======== EXERCISE INPUT ========
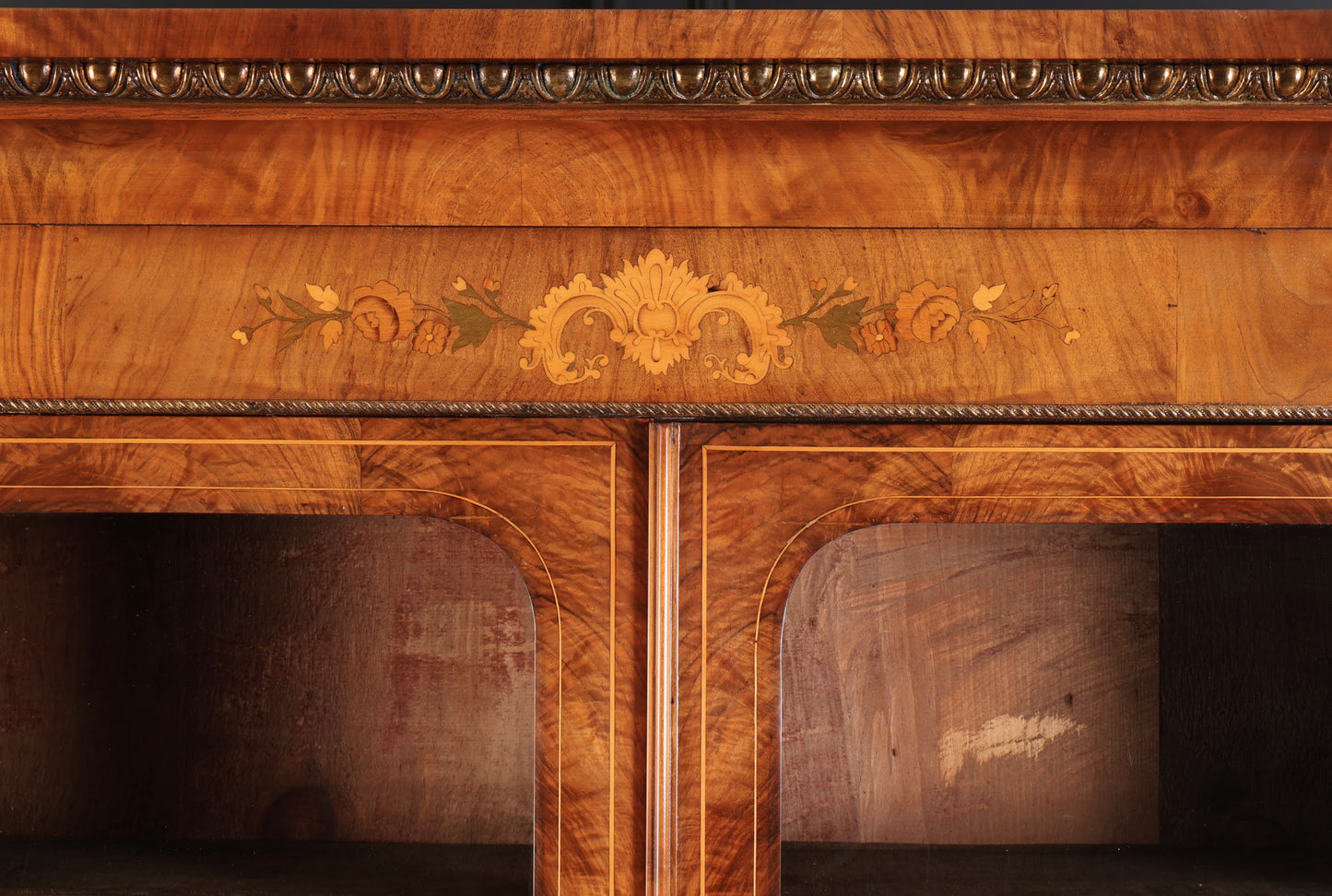 Figured Walnut Marquetry Inlaid Glazed Bookcase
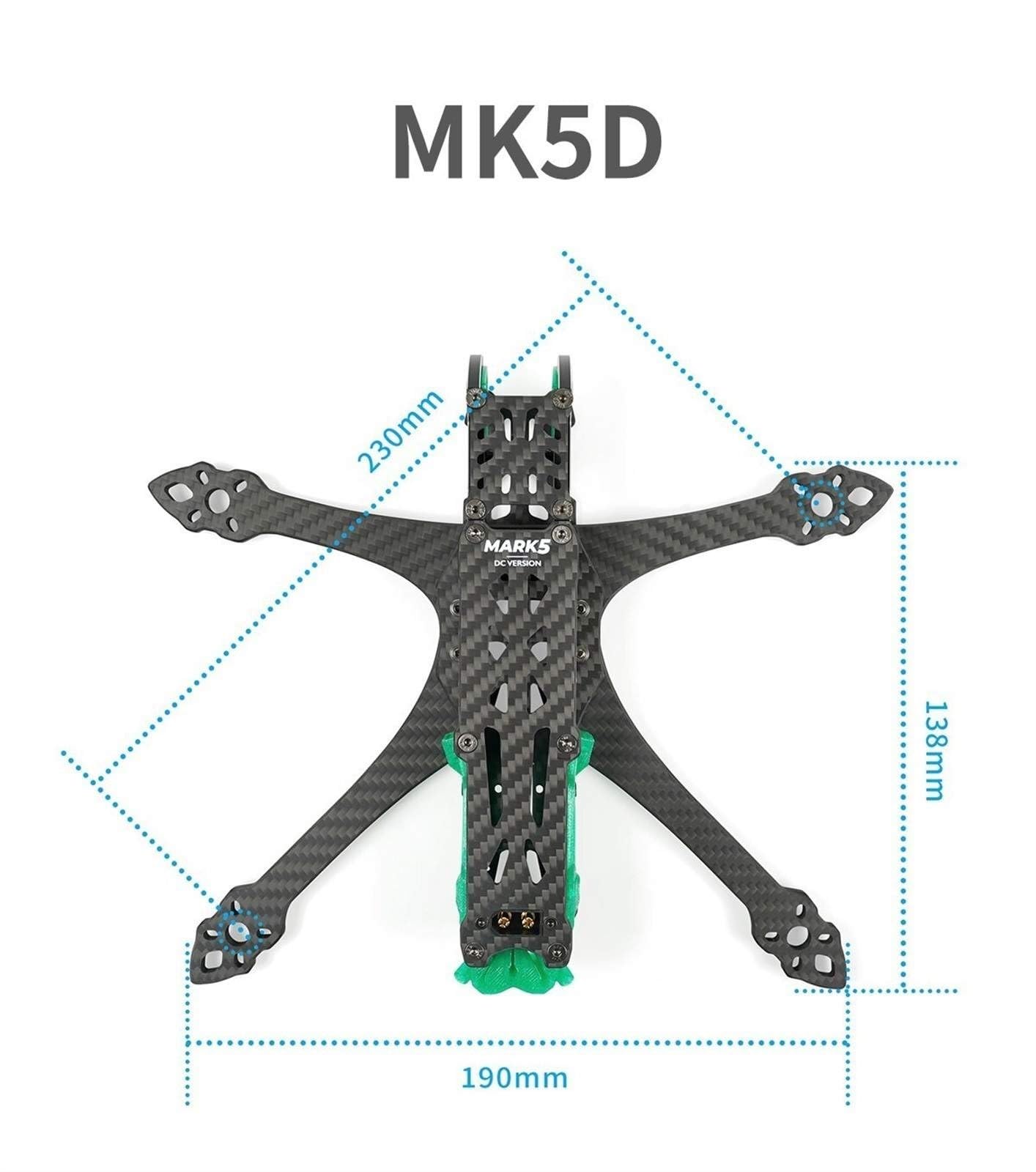 IWBR GEP-MK5D O3 MK5X a MK5D Conve DeadCat Piezas de Marco Accesorio de hélice Base Quadcopter FPV Freestyle Dron de Carreras de Control Remoto Mark5 ( Color : MK5X to MK5D Convert )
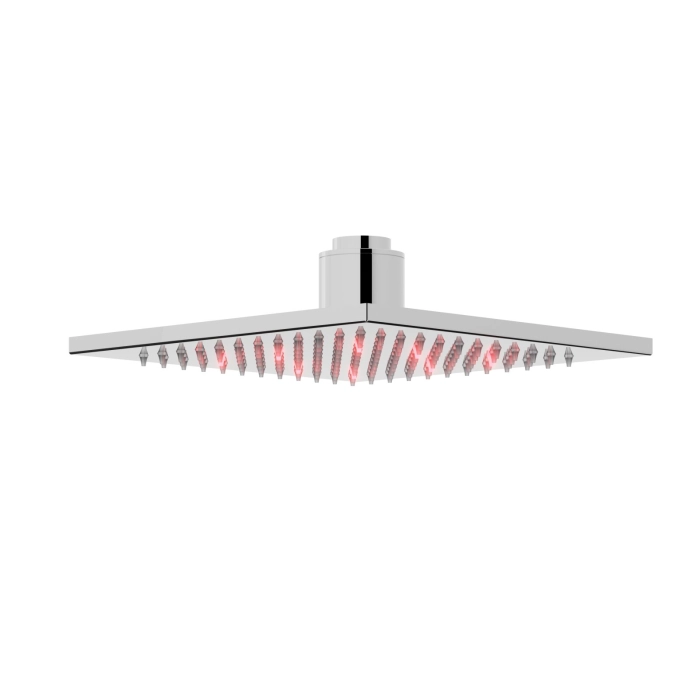 Zestaw prysznicowy Corsan Ango chrom z deszczownicą LED, baterią termostatyczną, słuchawką i wylewką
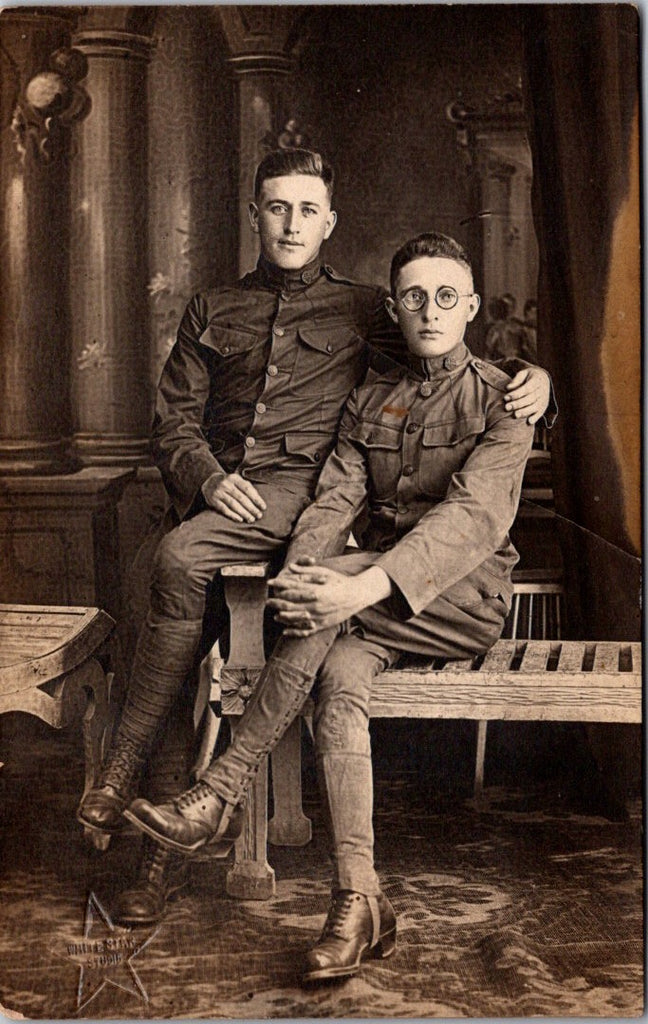 Military Men in uniform - posing as buds - RPPC -  B17229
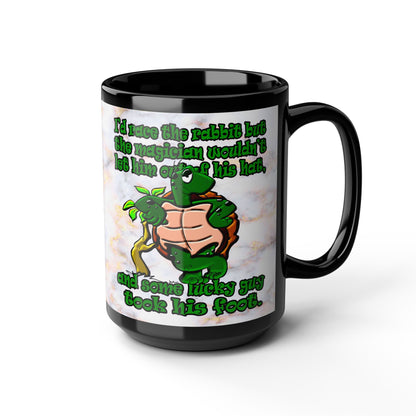 turtle race - Black Mug (white marble)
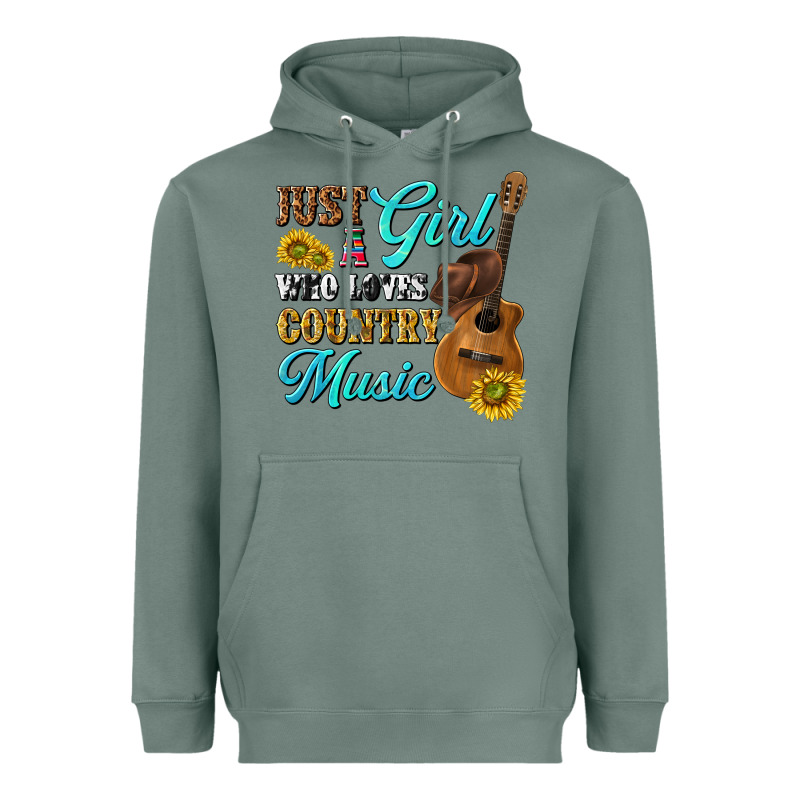 Just A Girl Who Loves Country Music Heavyweight Hoodie by texasbilliewilder | Teevron
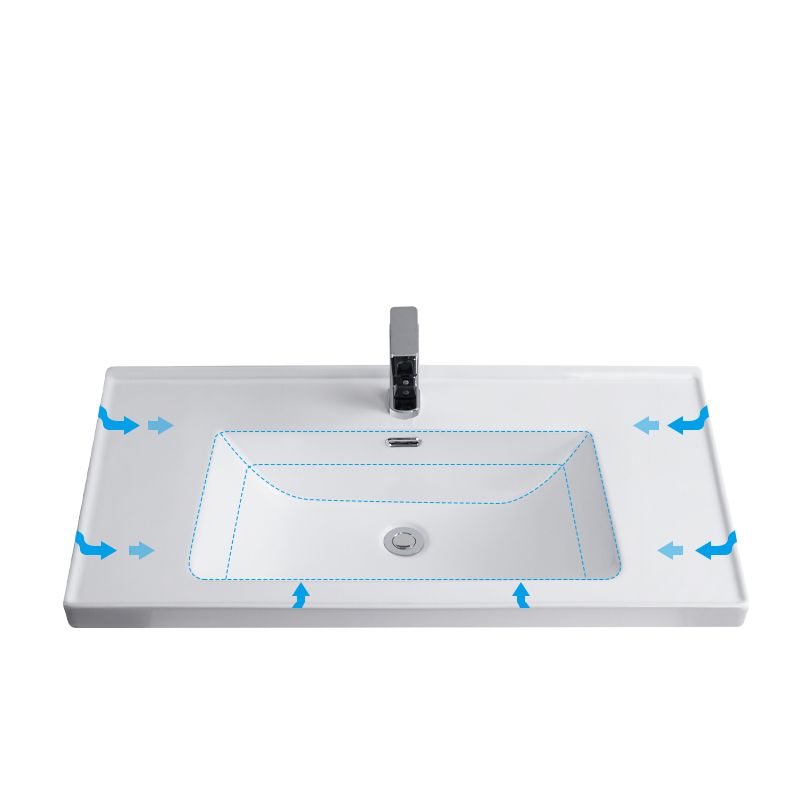 Modern Bathroom Sink Rectangular Trough Sink (Not Included Faucet)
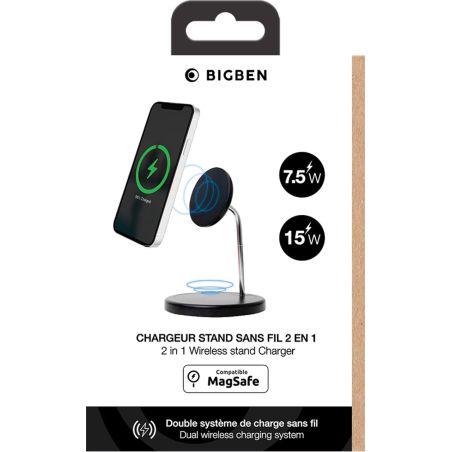 CHARGEUR INDUCTION DOUBLE COMPATIBLE MAGSAFE 15W NOIR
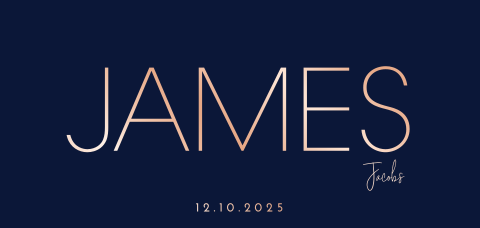 Roségoudfolie donkerblauw geboortekaartje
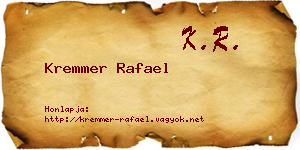 Kremmer Rafael névjegykártya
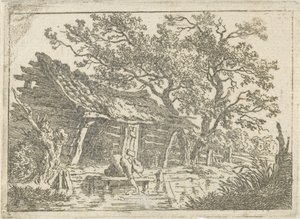 paisaje con un granero de François Joseph Pfeiffer (II)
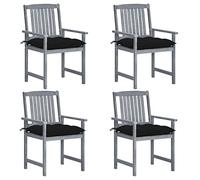 WDGJJFECNMUEHI 4 Pcs Gray Acacia Wood Garden Chairs with Cushions, Outdoor Patio Dining Set, Rustic Solid Wood Slat Design, Comfortable Seating for Terrace, Balcony, Backyard
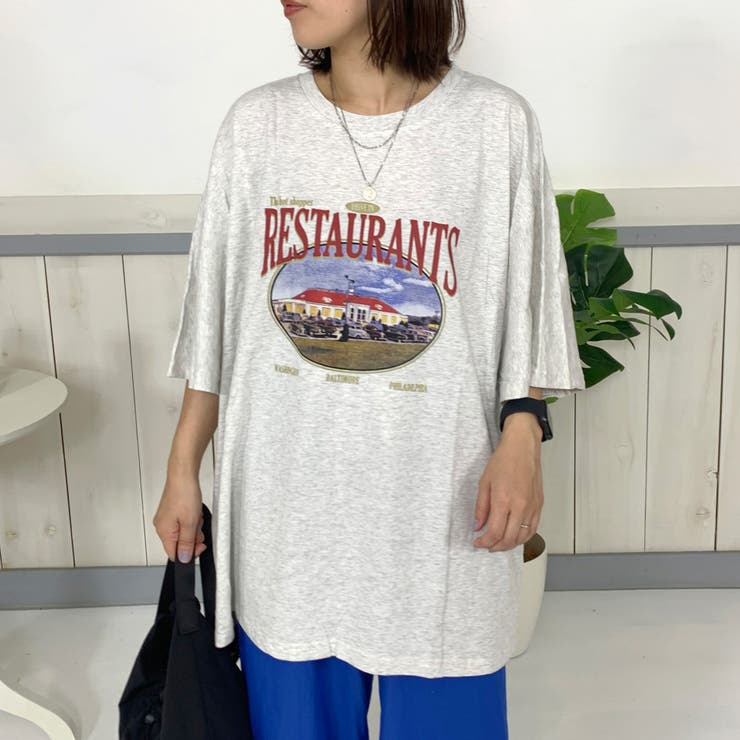 グレー | レストランプリントビッグTシャツ | non-hedge 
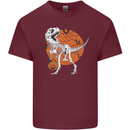 Dinosaur Halloween T-Rex Mens Cotton T-Shirt Tee Top Maroon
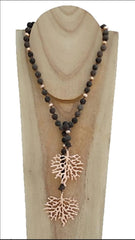 Long open necklace that allows multipositions, WHITE color. Made with lava beads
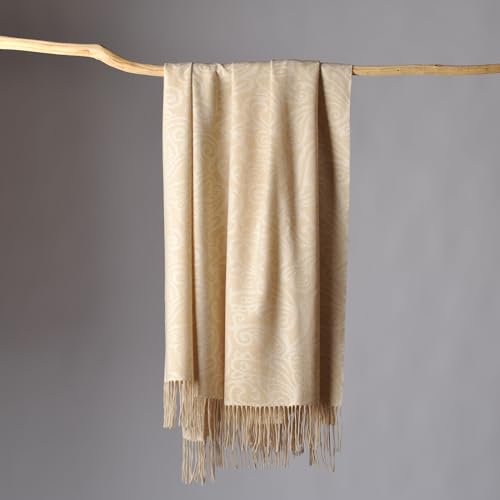 CUDDLE DREAMS Premium Cashmere Throw Blanket with Fringe, Luxuriously Soft (Paisley Beige) - color: Paisley Beige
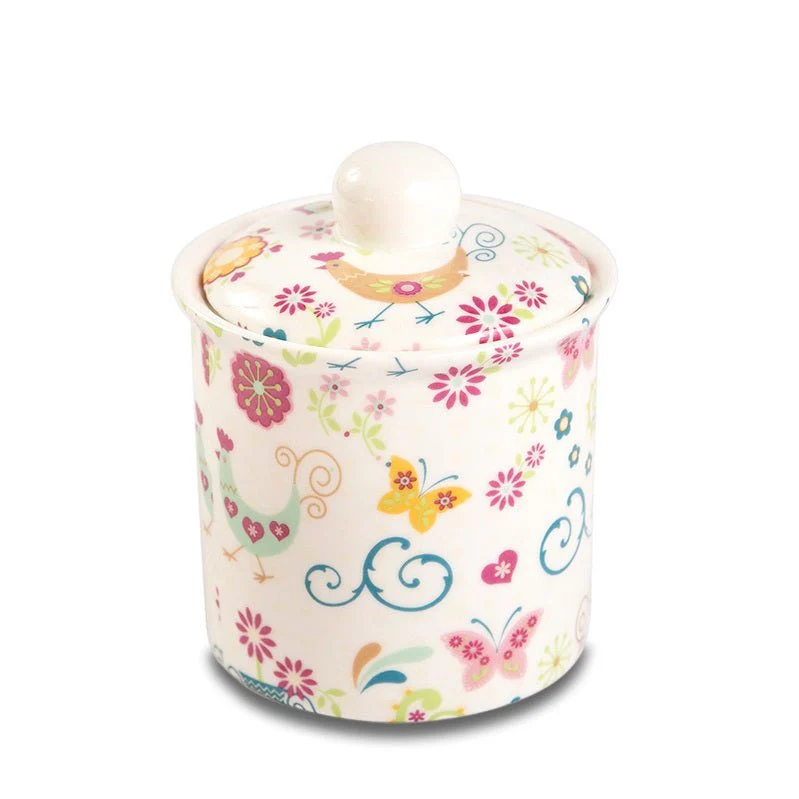 Funky Hen Covered Sugar Bowl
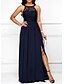 cheap Prom Dresses-A-Line Prom Dresses Elegant Dress Wedding Guest Floor Length Sleeveless Halter Chiffon with Pleats Split Front 2023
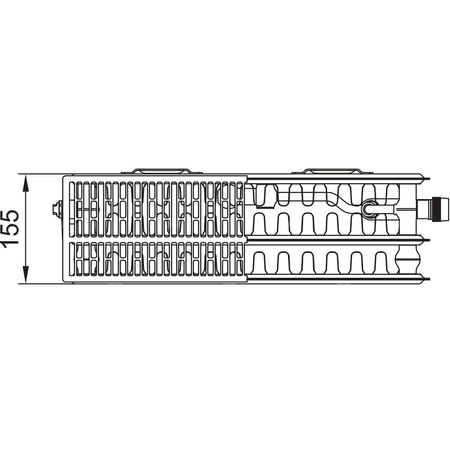 Grzejnik płytowy typ 33 KERMI X2 Profil-Vplus, prawy, z osłonami wym. 500 x 2000 mm, kolor biały, moc 3888 W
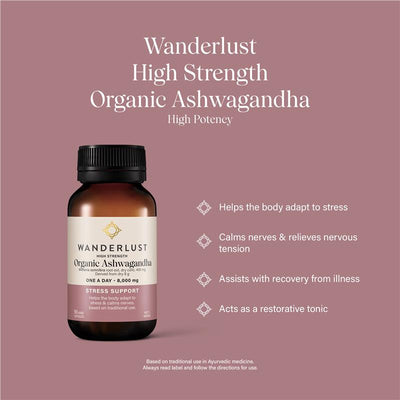 Wanderlust Ashwagandha 400mg High Strength – 90 Vegan Capsules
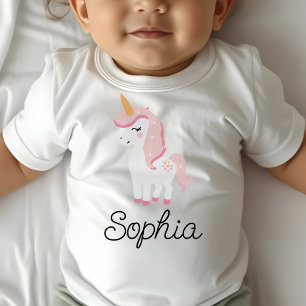  Unicorn, Fairy, Magic – Custom Name Baby T-Shirt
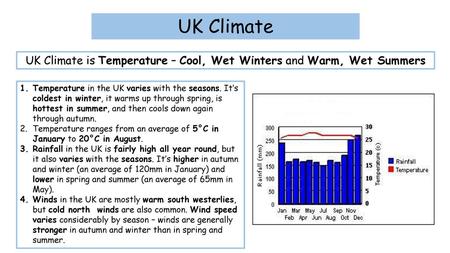 UK Climate is Temperature – Cool, Wet Winters and Warm, Wet Summers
========
**THE TASK**:
Repeat nothing but the lines from the one containing "Dinosaur Halloween T-Rex" through the end of the entries, exactly, and skip the pictures.

**WRITTEN SOLUTION**:
 Dinosaur Halloween T-Rex Mens Cotton T-Shirt Tee Top Maroon
 Long open necklace that allows multipositions, WHITE color. Made with lava beads
 CUDDLE DREAMS Premium Cashmere Throw Blanket with Fringe, Luxuriously Soft (Paisley Beige) - color: Paisley Beige
 Funky Hen Covered Sugar Bowl
 cheap Prom Dresses-A-Line Prom Dresses Elegant Dress Wedding Guest Floor Length Sleeveless Halter Chiffon with Pleats Split Front 2023
 Grzejnik płytowy typ 33 KERMI X2 Profil-Vplus, prawy, z osłonami wym. 500 x 2000 mm, kolor biały, moc 3888 W
 Wanderlust Ashwagandha 400mg High Strength – 90 Vegan Capsules
  Unicorn, Fairy, Magic – Custom Name Baby T-Shirt
 UK Climate is Temperature – Cool, Wet Winters and Warm, Wet Summers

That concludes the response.